Kazuo Shiraga, Untitled (T41) (1962). Courtesy of Sotheby’s.

Three works tied for second place with a price of €1.66 million each: a black-and-blue painting by Soulages from 1994, which sold within estimate; a red, thickly applied abstract by Japanese artist Kazuo Shiraga from 1962, which surpassed its €1.2 million high estimate; and a white canvas with multicolored folds by Simon Hantaï circa 1969–73, which brushed past its high estimate of €1.5 million.

Interest in Hantaï is on the rise against the backdrop of his monographic exhibition at Fondation Louis Vuitton, which opened last month and marks the centenary of his birth. The white canvas’s result was the strongest for any work by the artist not from his famous “Mariale” series.

Simon Hantaï, Study / Blanks (two-sided) (1969-73). Courtesy of Sotheby’s.

In Friday’s day sale, a blue-and-white study by Hantaï  from 1969 sold for €201,600, exceeding its €120,000 high estimate.

Other works to pip past the €1 million mark were Zao Wou-Ki’s mystical painting, 18.12.69, which sold for €1.5 million (estimate: €1.3 million to €1.8 million) and Lucio Fontana’s Concetto spaziale, Attesa, a slashed red canvas from 1964–65 that sold for €1.2 million against an estimate of €1.1 million to €1.8 million.

Sarah Lucas’s Woman in a Tub (2000), which failed to sell.
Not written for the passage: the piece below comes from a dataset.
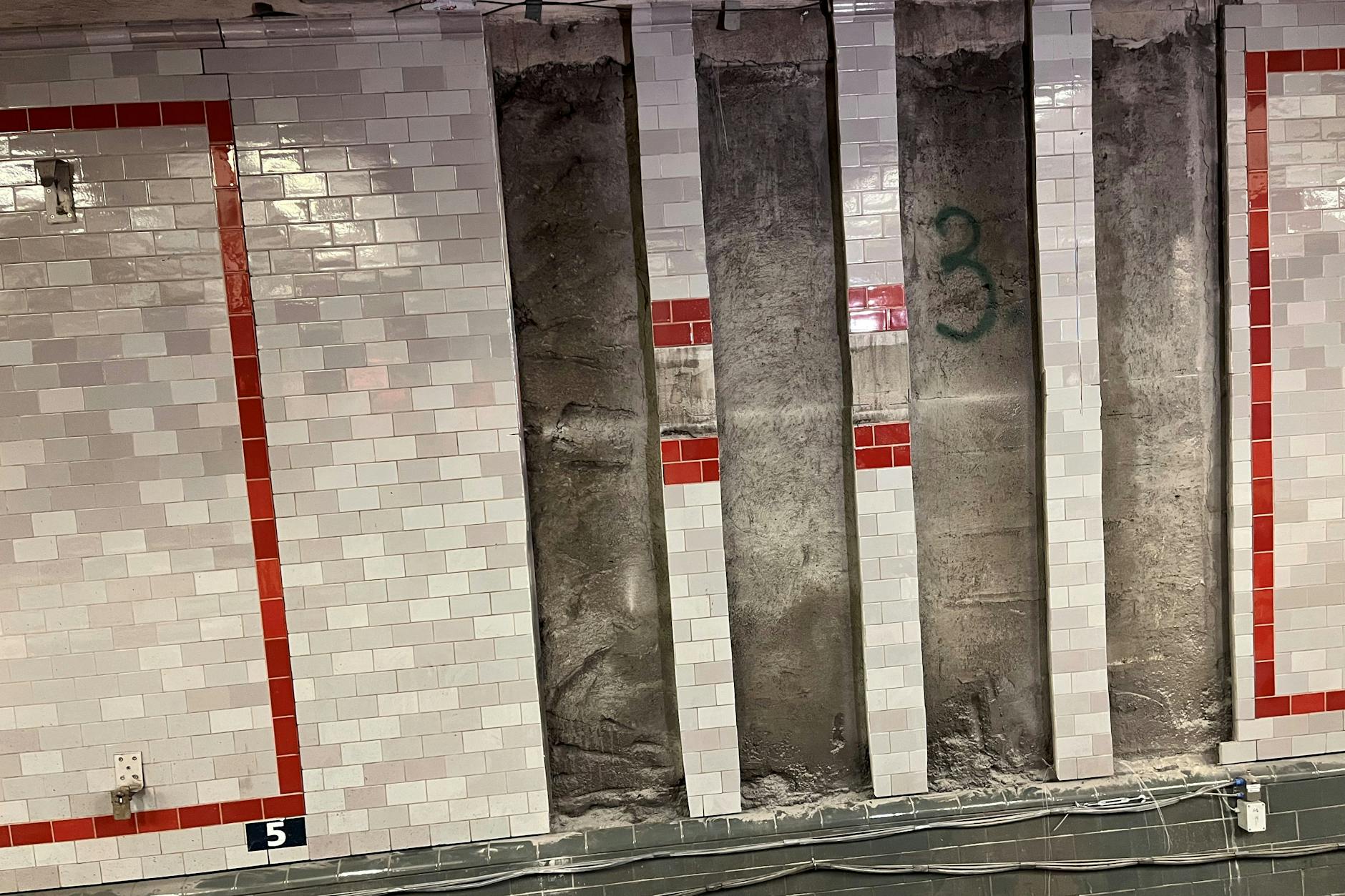 Die Schadstelle am Gleis in Richtung Pankow: Hier drang Feuchtigkeit ein, und es taten sich Risse im Beton auf. Inzwischen wurde das Erdreich unter diesem Bereich erfolgreich mit Zementinjektionen stabilisiert, so die BVG.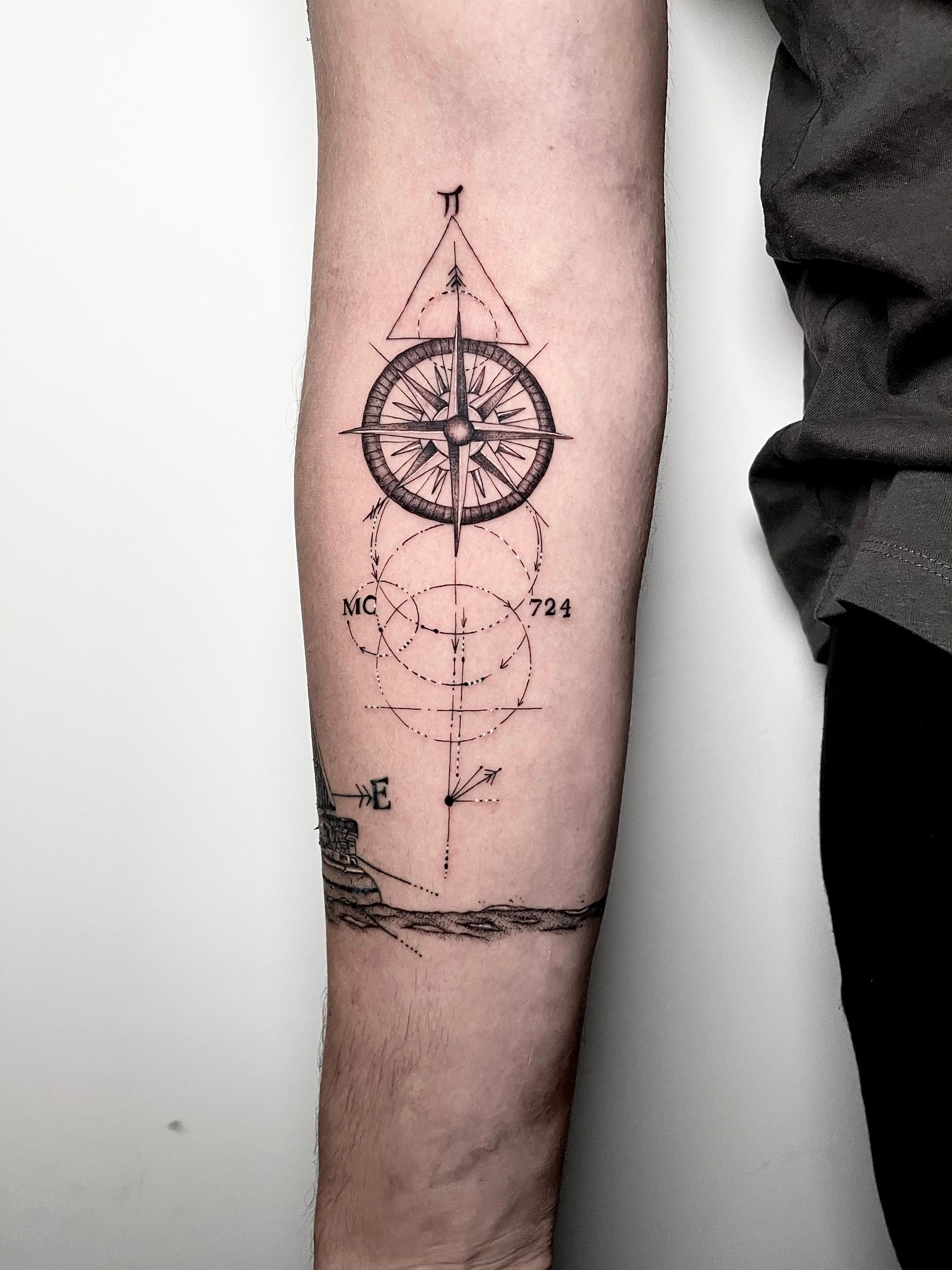 43 Geometric Compass Tattoo Designs for Men [2024 Guide]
Courtesy of Sotheby’s.

Among the lots that failed to find buyers were Christo’s Brite Green Store Front, Project (1965), Takashi Murakami’s A chimney (2000), and Sarah Lucas’s sculpture Woman in a Tub (2000).

“It’s a problem of estimation,” Mallecot said about Lucas’ piece—a coat hanger with two fried eggs and a pair of tights suspended above an old bath that was estimated at  €150,000 to €200,000. He declined to comment on the other two.

Asked about how he thought the Paris market compares to that of London right now, Mallecot was measured. “We’ll see in two weeks how the sales in London go,” he said, “but I don’t think there’s a dip in the London market.”